The House legislation would also create a new Hard Hit Industries Award Program that would give up to $1 million grants to small businesses across all industries that suffered at least 40% pandemic-related revenue loss in 2020 and 2021, when compared with 2019 revenue.

In truth, the bill is nothing more than another blue-state bailout. Liberal governors and mayors destroyed small businesses for two years with endless lockdowns, and now their friends in Congress are looking to reward their bad decisions, to the tune of $42 billion.

As one wag noted, when Congress started this program a year ago, it became a buffet line for well-off woke corporations, including affiliates of Disney. So there is no reason to believe it won’t happen again.

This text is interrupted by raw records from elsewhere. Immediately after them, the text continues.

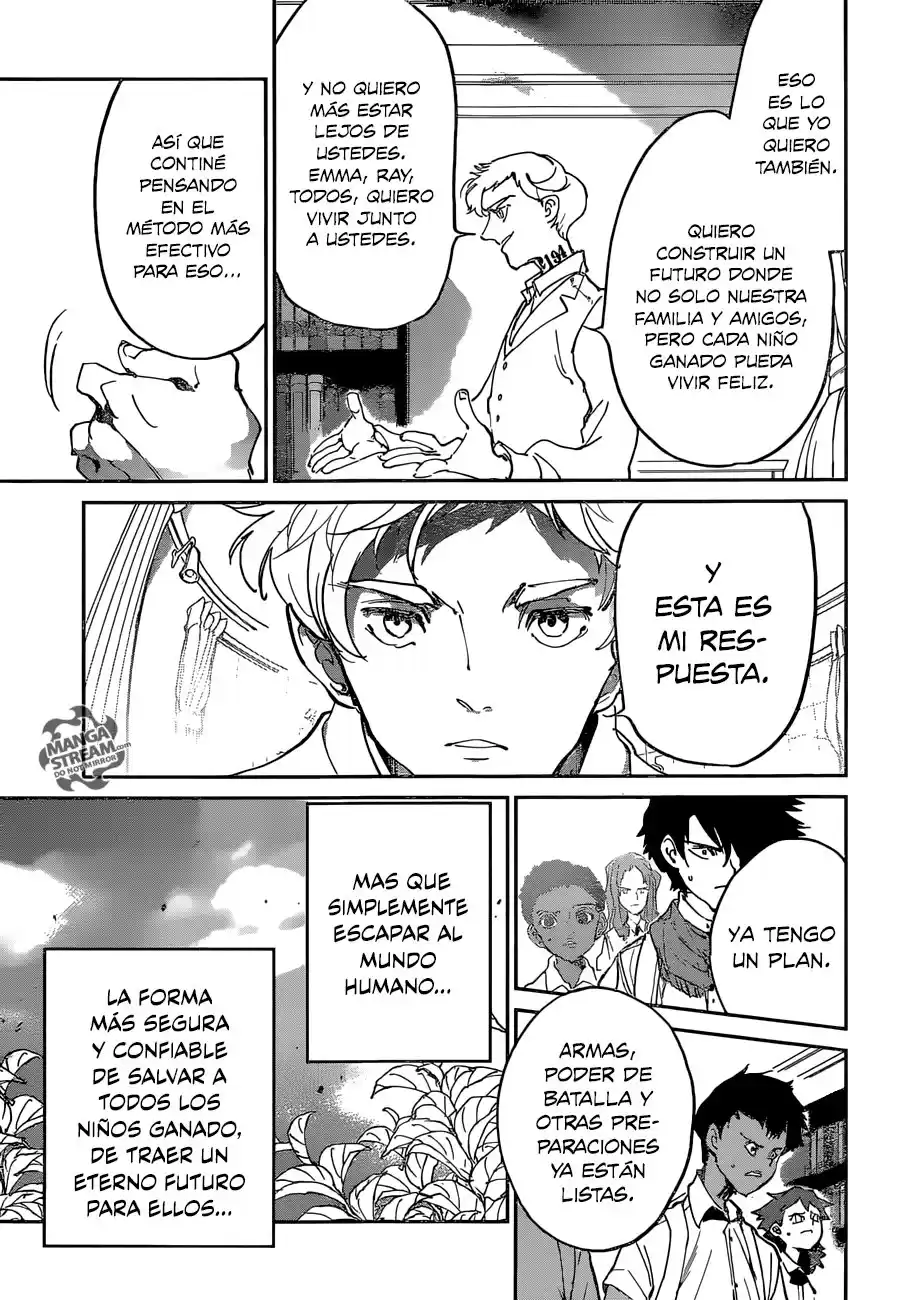 The Promised Neverland Capitulo 120: Monstruos sin forma. página 18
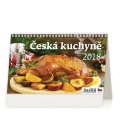 Stolní kalendář Česká kuchyně 2018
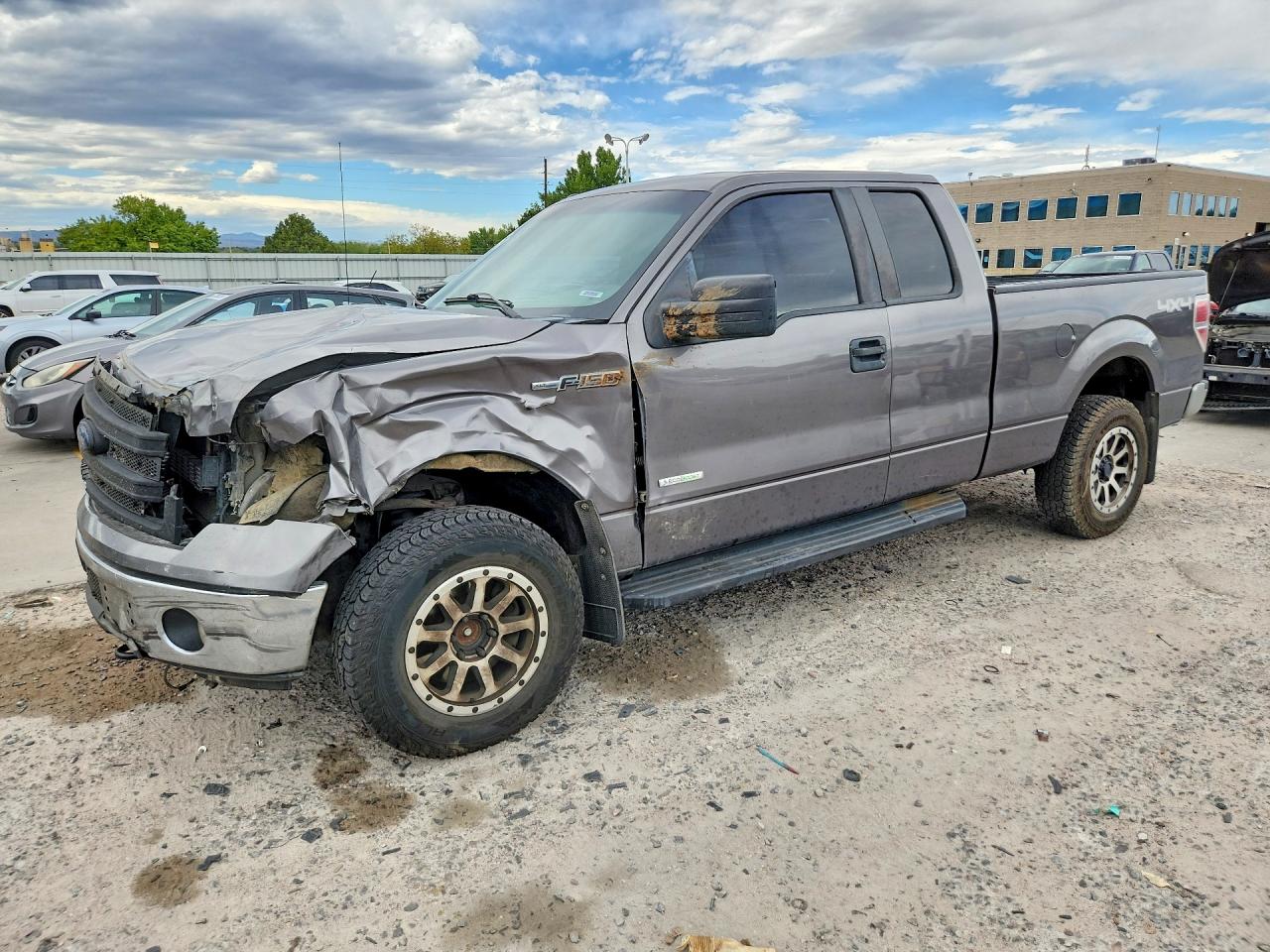 2014 FORD F150 SUPER CAB | 1FTFX1ET1EFB19131 | UPCARS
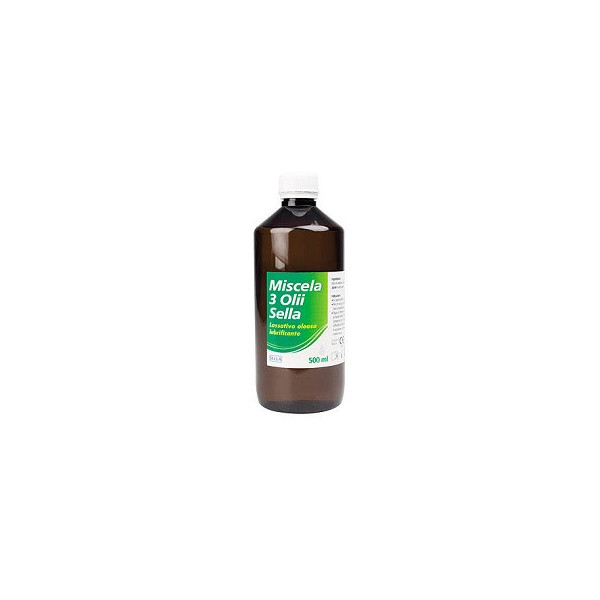 MISCELA 3 OLII LASSATIVO 500 ML MD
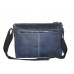 Мужской кожаный портфель VATTO MK33Kr600 синий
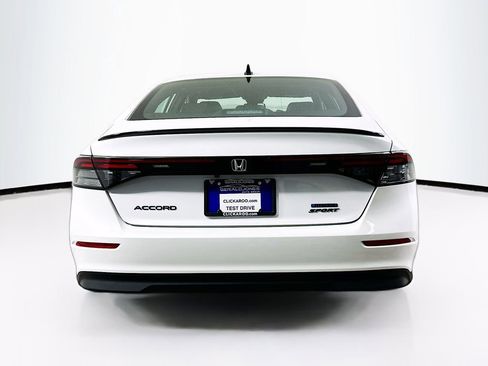 New 2026 Honda Accord Sport image 15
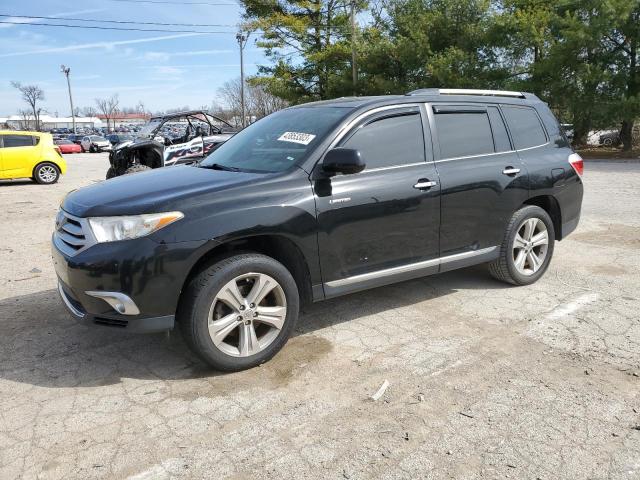 TOYOTA HIGHLANDER 2012 5tdyk3eh2cs068170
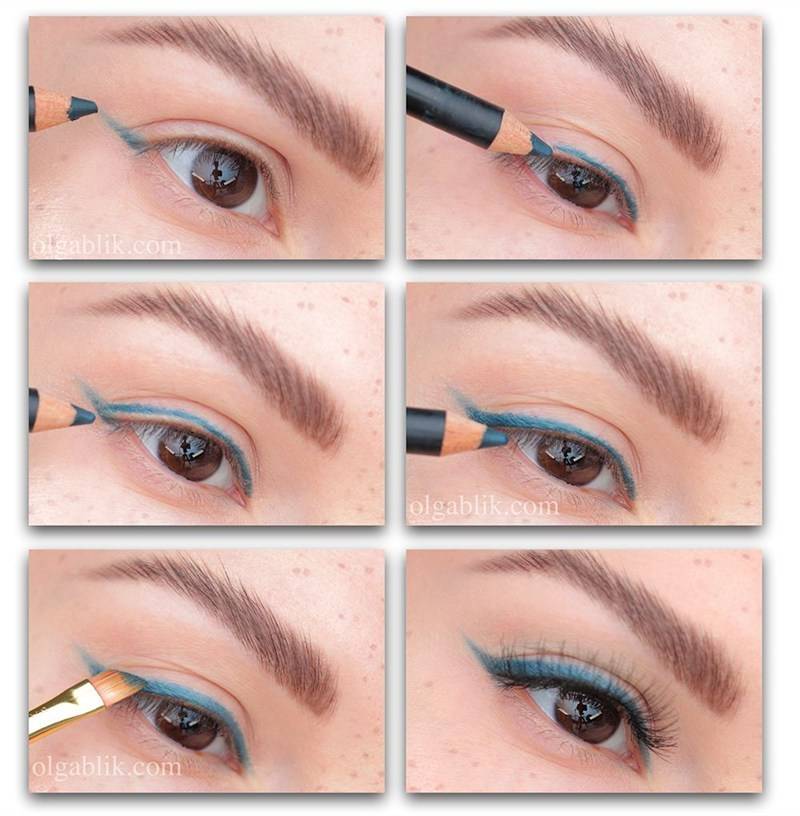 Как правильно подвести глаза карандашом: поэтапные техники для идеального макияжа, фото, видео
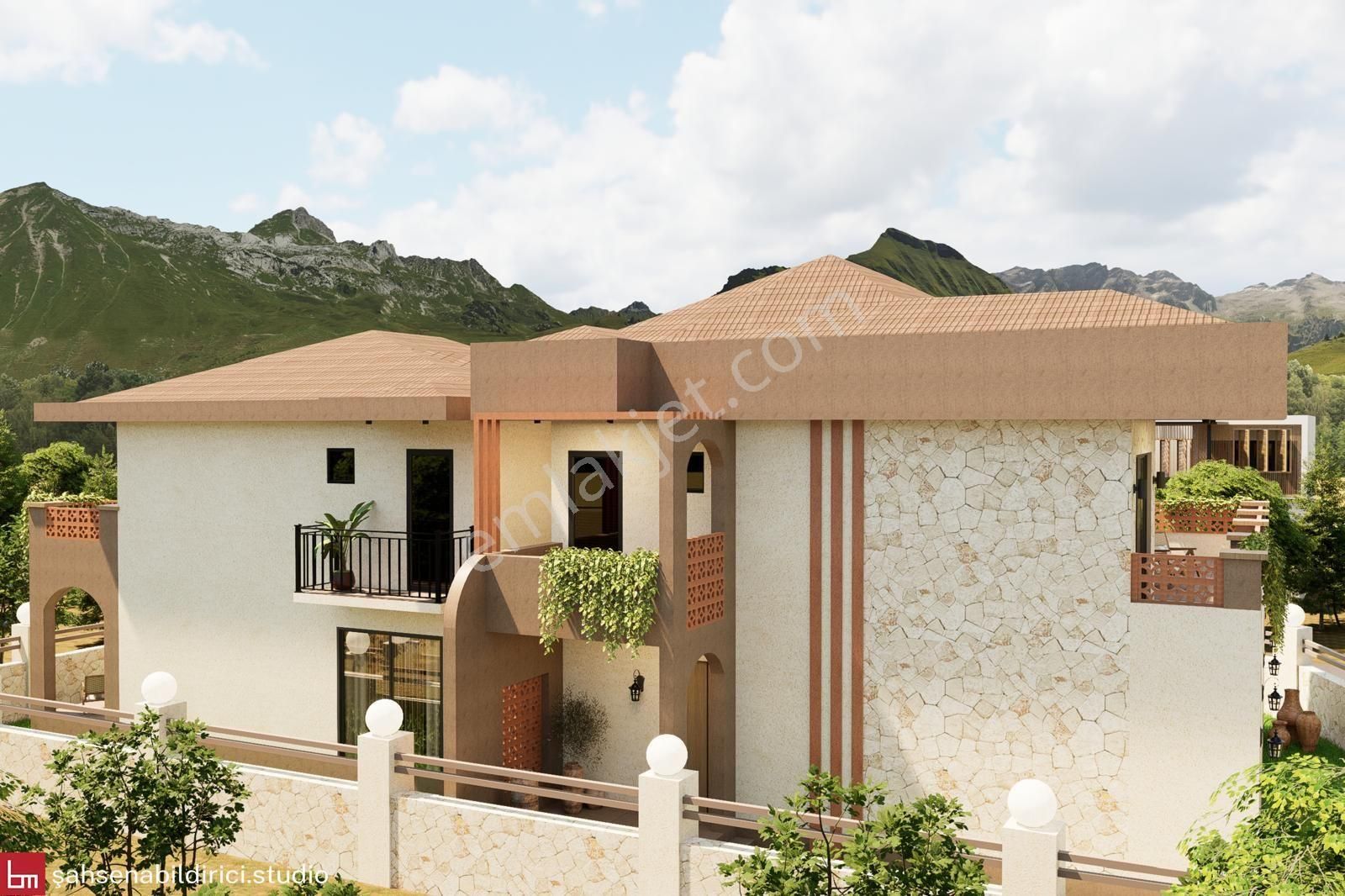 Ayb Gayrimenkulden Yeşilüzümlüde Projeden Lüks Villa - Görsel 5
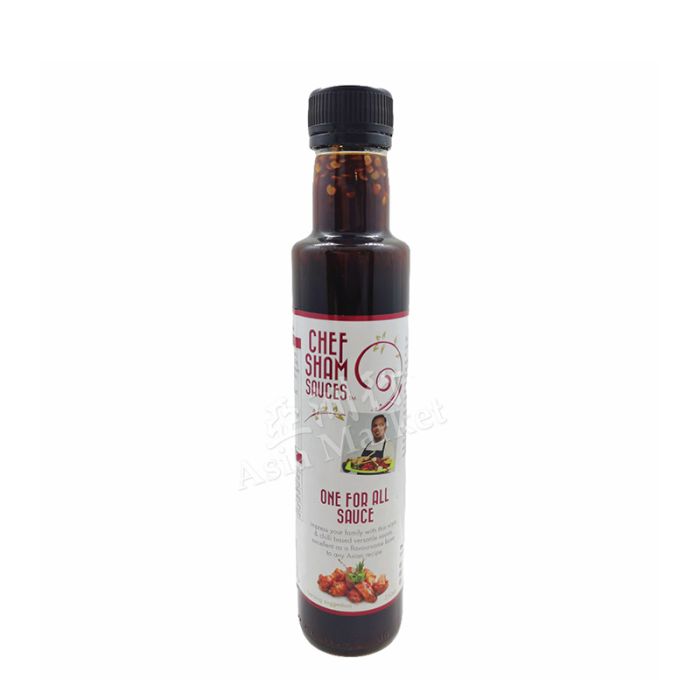 Chef Sham Sauce  One For All Sauce 250ml 通用醬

Back then, soon after it opened, the Restaurant Revitalization Fund ran out of money. More than 278,000 businesses submitted applications for $72.2 billion in requested funds – far exceeding the available amount of $28.6 billion in restaurant grants.

As it happened, more than 100,000 businesses received funds during the first round of the program, including caterers, bars, breweries, wedding venues, airport concessions and wineries. But about 177,000 other businesses were turned away because there was not enough money, according the SBA.

But with election season fast approaching, you can count on the bipartisan duopoly to be sure that no “deserving” restaurant will be left behind, along with a lot of fraudsters, too.

After all, the results of earlier rounds of these SBA giveaways tell you all you need to know. With respect to the overall Paycheck Protection Program and the Economic Injury Disaster Loan, an SBA inspector general report in 2020 found $78.1 billion in potentially fraudulent loans and grants to ineligible entities.

So to paraphrase Senator Everett Dirksen’s famous quip about a “billion here, a billion there” of overall government spending, we have now reached the point where it applies to fraud alone.